In today’s game environment, we now have both competitive and cooperative games. This article will most be about competitive games. And in competitive games, I believe the fundamental skill we learn that applies to all of them is being a good loser.
You know you’ve felt it; that burning feeling in the back of your neck and your stomach when you feel like you’re about to lose a game, and maybe you were treated unfairly. Or you tried as hard as you could, but then the rug was pulled out from under you by another player’s action or a rule you forgot about. Or you tried as hard as you could, and you just suck at this game. Frustration leads to anger, anger leads to hate, hate leads to sulking in a corner until everyone leaves and you can kill a bunch of zombies on a game console.
Ok, maybe not that last part.
But certainly everyone has felt something akin to this when a competitive game isn’t going their way, or at least seen it happen to a friend.
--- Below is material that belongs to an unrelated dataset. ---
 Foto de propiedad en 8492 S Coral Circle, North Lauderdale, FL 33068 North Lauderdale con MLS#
Have you ever wondered why? My theory is that whenever people compete, there’s a combination of the desire to survive and the desire to save face. Losing, the lizard brain thinking goes, means you will either die or be shunned. Both are pretty fatal. And of course, both are wrong, but our instincts don’t know that. All they know is that you told them you want to win, and that losing is bad. Instincts know exactly what to do next, and it isn’t always the right thing.
The goal, then, is to train our instincts to realize that losing gracefully,
DEALING WITH FRUSTRATION WITH HUMOR, IS ACTUALLY THE REAL WIN.
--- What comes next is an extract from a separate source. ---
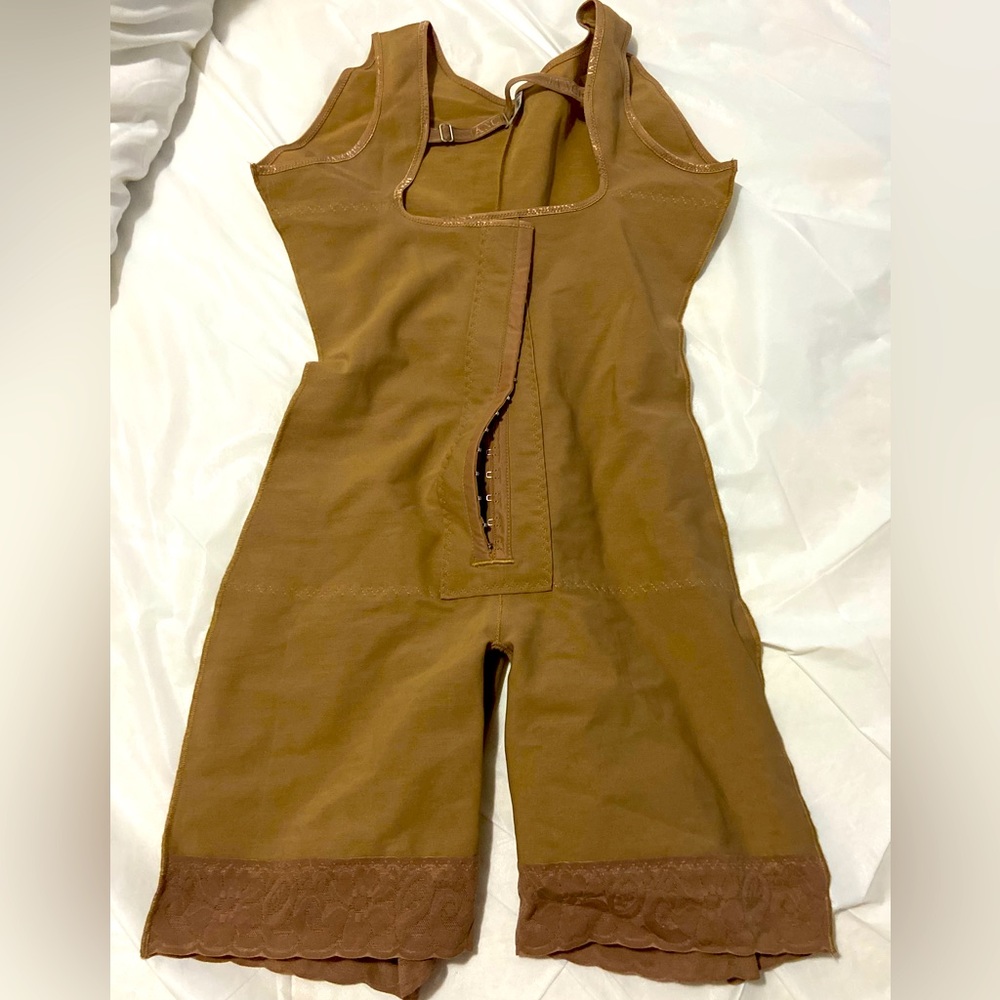 Body shaper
Because as we all know, games and competitions are more about interacting with others socially than they are about purely winning. I would argue that even in professional sports, simply being the best you can be and succeeding can take you pretty far, but understanding that your job is a game and being good natured about the results, no matter what they are, leads to greater long term success after the games are over or you can’t play them anymore.
What, then, can we as designers do to encourage positive behavior when a player loses?
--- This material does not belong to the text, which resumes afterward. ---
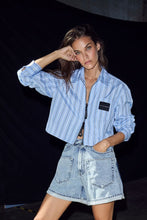 Indlæs billede til gallerivisning HAUTE L'AMITIÉ Crop Stripe Zip Shirt Pale
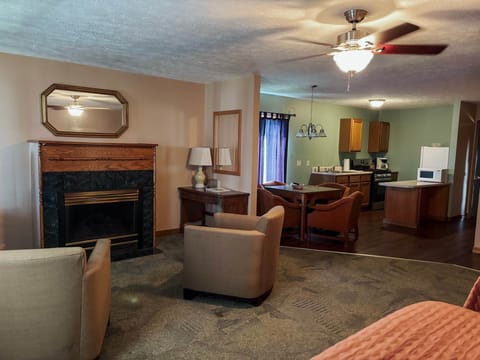 Kitchen & Living Area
One thought I have is to make losing part of the game. Nobody likes having to wait while everyone else continues to have fun. This becomes the price of losing, and it can sting. Instead, if a game would eliminate a player, why not give them something to do in the game (other than being the banker) that effects game play? Maybe they can use the cards they had in their hands against the other players, or take on roles in the game that are normally handled by a game mechanic.
Most games that are competitive don’t actually eliminate players, instead nobody knows who will win until the end of the game. The simple act of building in a rule or advantage for the next game for the player who loses can help reinforce the idea that it’s just a game, you’ll get to play another.
There are some games, though, where a player can be mathematically eliminated even if the game is still going. In cases like these, players sometimes play erratically or become kingmakers (why is everyone looking at me?). Of course, ideally, we don’t want our games to feel like, or literally have situations where, a player is mathematically eliminated in a game. Sometimes it can’t be helped. We as designers could then address this somehow, perhaps by including king-making rules in a game, or providing side challenges that are fun for someone who knows they are going to lose. Like a card that lets them interfere with other players, or a way to collect all of a certain resource. Or perhaps directly addressing being mathematically eliminated by giving goals or strategies for when the players think or know it’s true.
Ultimately, though, for some people, being frustrated by a game can’t be avoided, and there’s nothing we can do in game design to prevent that. That’s when we as game players have to deal with either our personal frustrations, or witnessing the frustrations in others. It’s my feeling that we can do things like make a house rule that whoever loses a game gets to pick the next game, or gets to choose the toppings on the pizza, or gets to play with kittens. Because, as we all know, everyone wants to play with kittens.